The point is that I'd like to be able to catch that exception directly within the manager. But in the stack trace only the unknown class seems to work. How can I catch the exception within the manager (same method, if possible)?
It seems to throw the exception when it commits at the end of the method which calls the one shown (which is in the same manager). Do I really need to put the check before I call the dao, doesn't it make me waste time while I just should be able to wait for the exception?

I think the behavior has to do with the transaction interceptor. If you put @Transactional on the class, Spring creates a dynamic proxy (a subclass of your manager) and basically the call looks like

create(t) -> proxy.handle(methodCall) -> open transaction -> call real method (your manager.create(..), where the catch block is) -> commit transaction (this is where the exception happens) -> return result from proxy.create(t)

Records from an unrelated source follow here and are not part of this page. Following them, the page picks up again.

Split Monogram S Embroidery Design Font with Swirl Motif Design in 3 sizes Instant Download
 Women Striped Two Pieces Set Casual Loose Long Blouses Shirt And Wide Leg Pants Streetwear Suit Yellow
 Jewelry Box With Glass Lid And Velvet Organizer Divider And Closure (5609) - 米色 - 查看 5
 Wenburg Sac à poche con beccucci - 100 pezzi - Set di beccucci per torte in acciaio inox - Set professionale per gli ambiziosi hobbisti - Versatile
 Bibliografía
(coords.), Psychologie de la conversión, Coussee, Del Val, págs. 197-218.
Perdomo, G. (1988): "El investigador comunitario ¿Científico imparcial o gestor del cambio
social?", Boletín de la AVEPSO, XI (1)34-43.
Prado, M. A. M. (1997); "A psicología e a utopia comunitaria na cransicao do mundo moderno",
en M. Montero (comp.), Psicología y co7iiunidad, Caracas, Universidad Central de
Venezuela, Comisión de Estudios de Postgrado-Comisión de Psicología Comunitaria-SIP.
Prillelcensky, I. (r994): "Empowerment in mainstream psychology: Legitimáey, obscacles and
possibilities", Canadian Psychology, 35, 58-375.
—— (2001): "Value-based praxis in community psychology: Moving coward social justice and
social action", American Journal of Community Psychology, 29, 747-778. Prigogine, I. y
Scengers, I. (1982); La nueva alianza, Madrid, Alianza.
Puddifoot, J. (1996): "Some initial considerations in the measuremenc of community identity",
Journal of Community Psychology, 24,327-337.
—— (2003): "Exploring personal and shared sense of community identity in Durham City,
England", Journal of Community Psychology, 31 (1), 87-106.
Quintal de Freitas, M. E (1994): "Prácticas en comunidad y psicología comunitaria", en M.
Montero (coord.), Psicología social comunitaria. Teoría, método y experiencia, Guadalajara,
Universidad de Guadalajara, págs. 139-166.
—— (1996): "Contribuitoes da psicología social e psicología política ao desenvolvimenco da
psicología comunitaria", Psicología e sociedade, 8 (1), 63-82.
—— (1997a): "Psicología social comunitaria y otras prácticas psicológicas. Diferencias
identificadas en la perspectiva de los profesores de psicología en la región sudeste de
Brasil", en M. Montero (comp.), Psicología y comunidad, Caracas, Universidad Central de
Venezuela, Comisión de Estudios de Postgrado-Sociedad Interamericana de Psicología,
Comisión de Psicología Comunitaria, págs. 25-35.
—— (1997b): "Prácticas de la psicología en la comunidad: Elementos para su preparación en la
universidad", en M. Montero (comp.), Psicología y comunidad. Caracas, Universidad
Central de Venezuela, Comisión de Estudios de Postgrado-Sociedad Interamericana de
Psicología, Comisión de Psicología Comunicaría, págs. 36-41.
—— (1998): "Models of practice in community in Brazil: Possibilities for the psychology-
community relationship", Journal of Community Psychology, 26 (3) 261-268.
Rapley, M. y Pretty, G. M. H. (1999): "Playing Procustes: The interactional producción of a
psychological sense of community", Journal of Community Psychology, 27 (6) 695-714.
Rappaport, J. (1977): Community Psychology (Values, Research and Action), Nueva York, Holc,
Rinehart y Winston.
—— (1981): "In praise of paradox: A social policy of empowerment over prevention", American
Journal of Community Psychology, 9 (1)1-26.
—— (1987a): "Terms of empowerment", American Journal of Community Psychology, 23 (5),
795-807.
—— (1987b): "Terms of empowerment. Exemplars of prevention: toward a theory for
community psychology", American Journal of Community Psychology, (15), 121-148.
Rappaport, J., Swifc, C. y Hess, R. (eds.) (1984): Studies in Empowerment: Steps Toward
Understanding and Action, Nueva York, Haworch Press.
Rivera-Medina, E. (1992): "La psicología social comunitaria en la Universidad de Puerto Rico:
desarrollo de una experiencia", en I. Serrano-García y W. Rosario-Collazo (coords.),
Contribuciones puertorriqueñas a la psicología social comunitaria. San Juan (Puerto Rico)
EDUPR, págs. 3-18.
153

So BookManager$$EnhancerBySpringCGLIB$$d46d6805 is a subclass that adds behavior BEFORE and AFTER your method call. The catch happens WITHIN your method call. And the exception occurs on commit. Thus the exception happens within the proxy, outside of your catch. If you want to catch that exception, you need to make sure the transaction is committed before you leave your catch block (eg by making dao.create(..) to be executed in its own transaction).